Every fall, for example, Bray sneaked away to the annual Illinois Literary Heritage Conference. The meeting is an inspiration of Jim Edgar, who as secretary of state is also Illinois' official state librarian. Its larger ambition is to promote Illinois authors, living and dead. The program was first aimed at public librarians, which was a little like addressing an antismoking campaign to the American Cancer Society.
As a board member and committee chairman, Bray was one of those who urged a wider focus, one that would also encompass writers, booksellers, and publishers, indeed the whole literate culture of the state. "It should be a massive event," he gushed, conjuring up images of an ink-smudged Woodstock. Last year's conference, held in Chicago, offered readings by such poets as Angela Jackson. They proved to be unexpectedly moving for many of the participants (usually the tears shed at literary conferences are caused by the refreshments). People who spend every day moving books can forget that books can move people.
Bray was to have sat on two panels but his operation made him cancel. He had taken full part in the previous year's conference in Carbondale. It was a little unusual to see a Chicago literatus that far south in October. But Bray did not share native Chicagoans' contempt for the life that begins where the Stevenson ends, although he once shared their ignorance of it. Three years on an advisory committee of the Illinois Arts Council, however, alerted him to the astonishing fact that they grow poets as well as corn downstate. He discovered that firms such as Peoria's Spoon River Poetry Press (which recently published the complete works of Vachel Lindsay) were doing essential work in documenting, collecting, and promoting Illinois writing; he discovered that firms such as Urbana's Stormline Press were setting a high standard in the publication of new verse. Bray became a literary ecumenist, preaching brotherhood at Read Illinois planning meetings, at Arts Council meetings, and to his customers.

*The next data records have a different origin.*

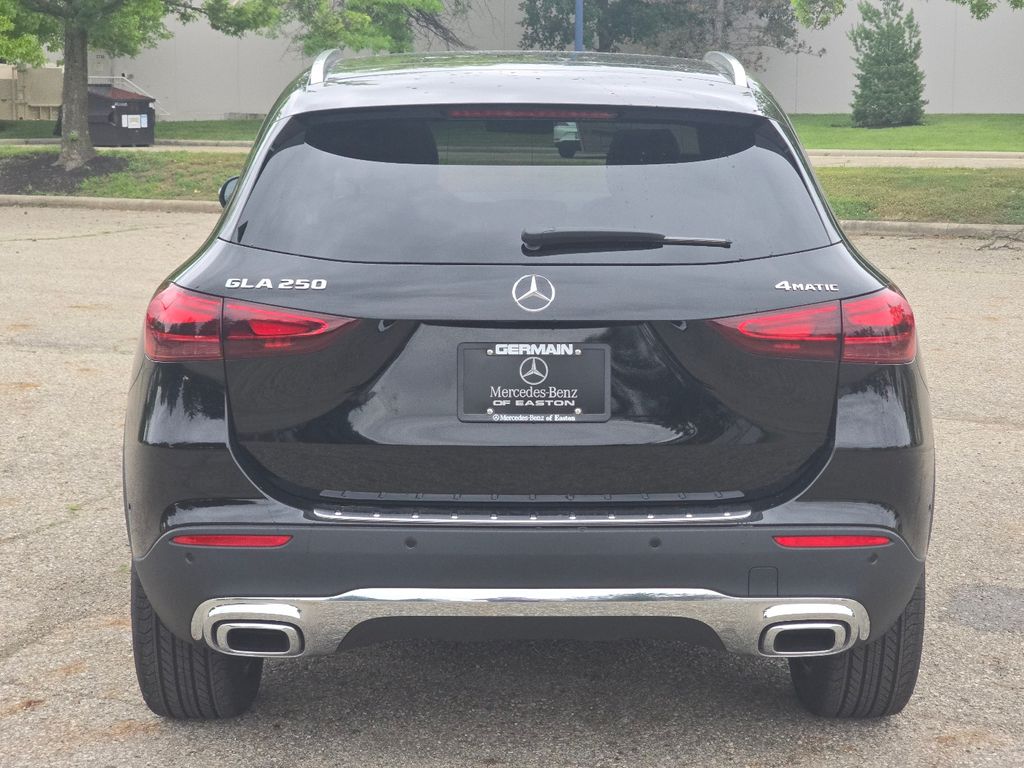 New 2026 Black Mercedes-Benz GLA 250 image 14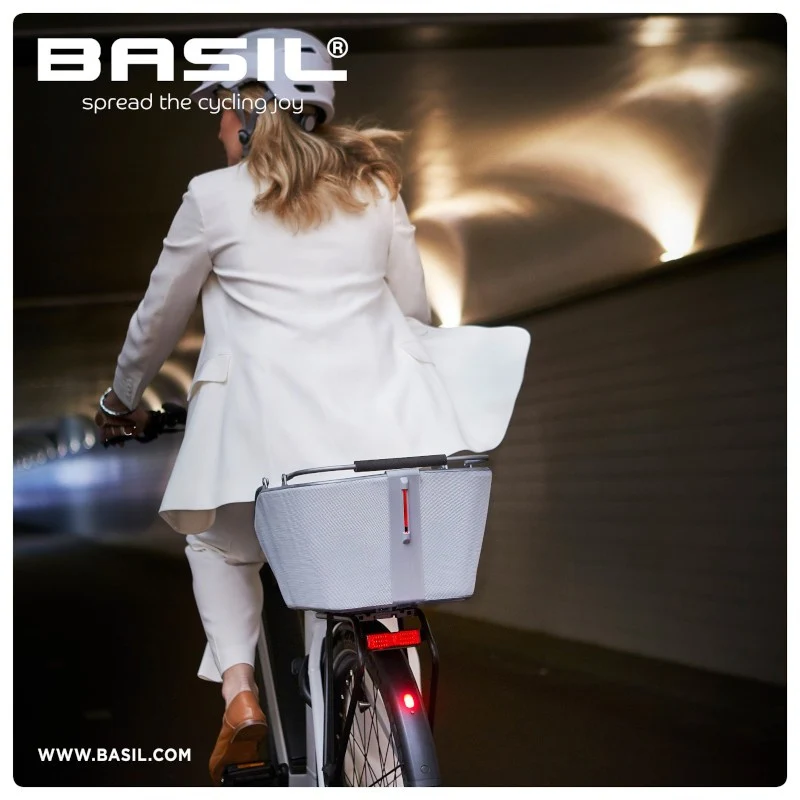Basil Cento Tech Fiber 21L bicycle basket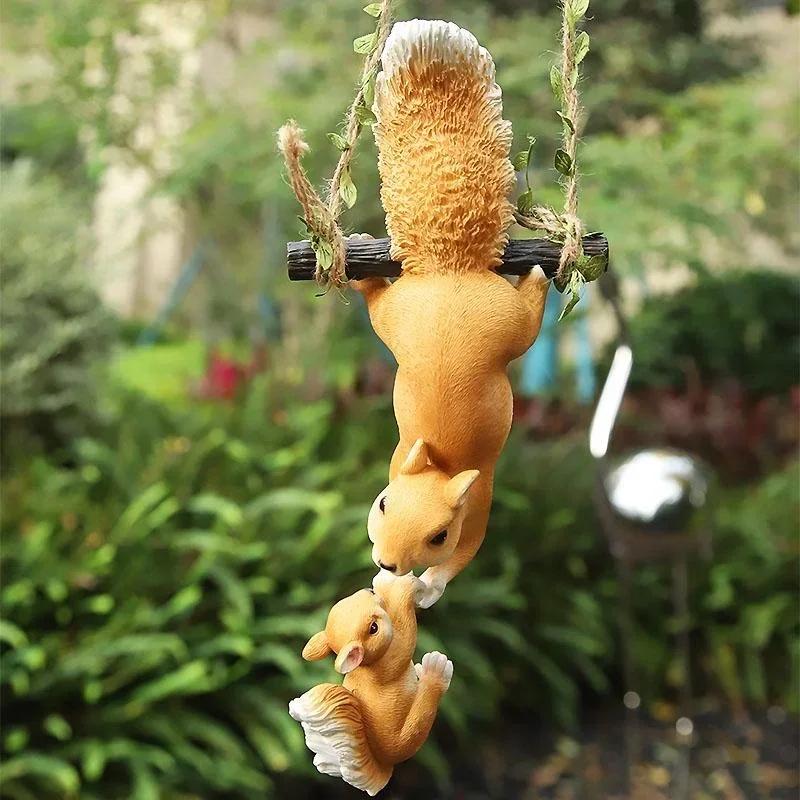 1pc Cute Squirrel Climbing Sculpture Squirrel Parent-Child Resin Crafts Outdoor Garden Balcony Courtyard Hanging Decoration LS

Works that the conventional-minded regard as too local, too black, too female, or too foreign are published by and large by small literary presses, regional publishing houses, university presses, even vanity presses. The major publishing houses shun them, often not because they don't sell but because they don't sell enough. The big houses put out a lot of books, Bray says, but they are incapable of providing literature to society.

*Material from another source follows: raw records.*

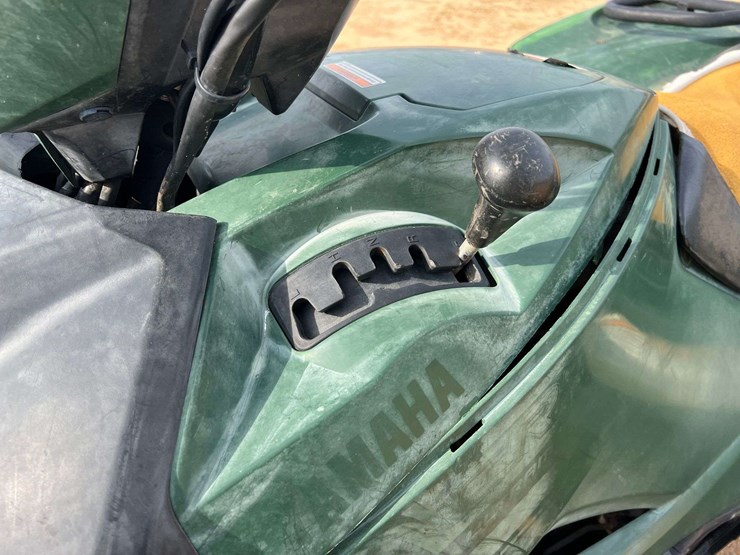 2016-yamaha-grizzly-700-4x4-atv-(9,345-miles-showing)-image-17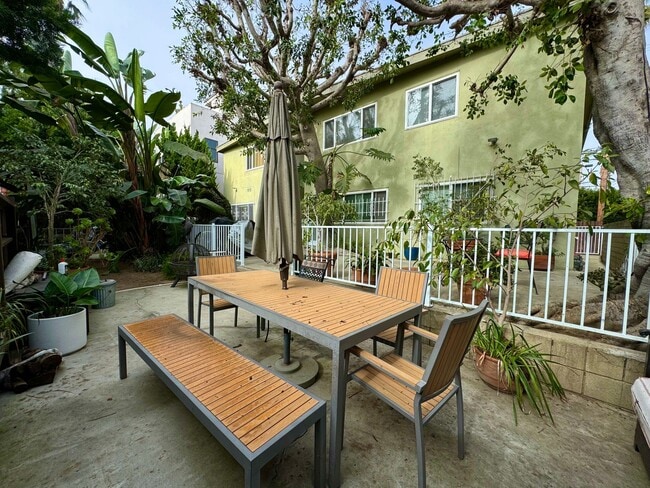 Steps from the famous Venice Boardwalk - Steps from the famous Venice Boardwalk Apartment Unit 127 Vista Pl 02 ACTIVE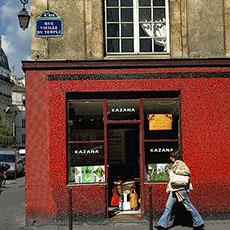 La boutique de mode Kazana sur la rue Vieille-du-Temple.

The sort of outfit that can, Bray believes, is the University of Illinois Press. The U. of I. Press recently debuted two new book series. One, "Visions of Illinois," includes photo books such as Chicago and Downstate, a collection of Farm Security Administration photos taken from 1936 to 1943, and Changing Chicago, the book version of the massive photodocumentary project whose results will be exhibited in various venues across the city in April. The other series is "Prairie Books," library-quality paperback reprints of ignored works of merit. "That's fantastic," said Bray. "They're looking for old labor novels, black history, stuff that never should have gone out of print in the first place."

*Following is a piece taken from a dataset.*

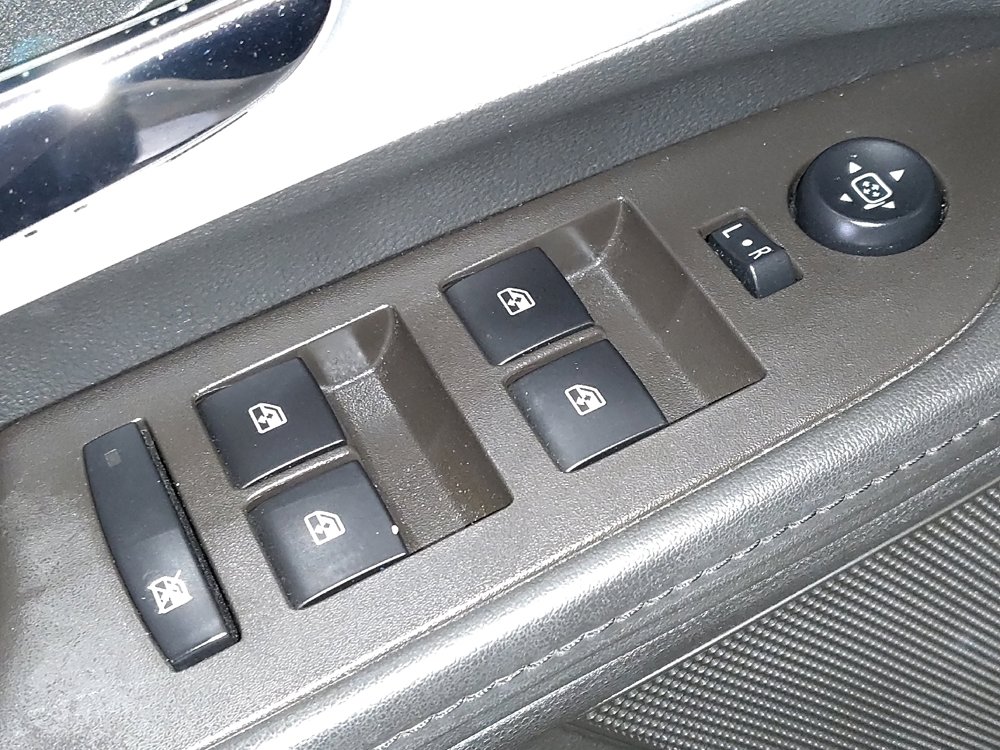 Used 2015 Chevrolet Equinox LS FWD image 27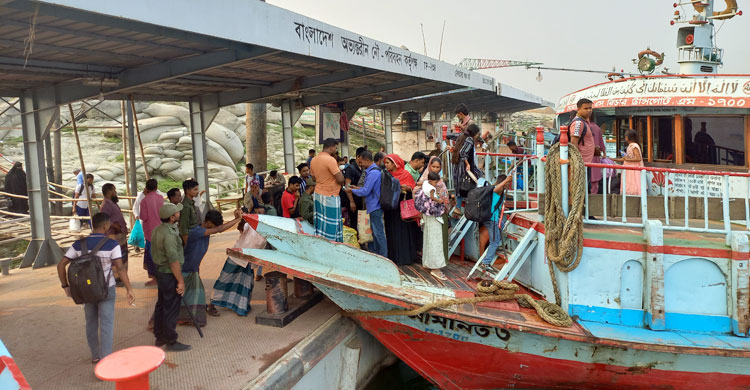 ছুটি শেষেও দৌলতদিয়ায় নেই যাত্রীর চাপ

Such houses contribute only marginally to the nation's gross publishing product, however much they add to its gross intellectual product, and thus are easily passed over by mass-market retailers. The big bookstore chains prefer to deal with publishers directly and in large lots; recently B. Dalton notified small publishing houses that any firm with whom the chain did not do at least $100,000 of business a year might have to make its books available through another publisher who did; otherwise its books would no longer appear on the chain's shelves.
"The distribution system is antiquated and based on profit," complained Bray. Publishers who ship books in small lots find it uneconomical to distribute their books to retailers through the big wholesalers who warehouse and ship books for a fee. Neither can they afford to put their own salespeople in the field to promote their titles person-to-person with retailers; U.S. bookstore managers—a breed distinct from booksellers—do not blush to sell books they haven't read, but even they will not stock a book they've never heard of.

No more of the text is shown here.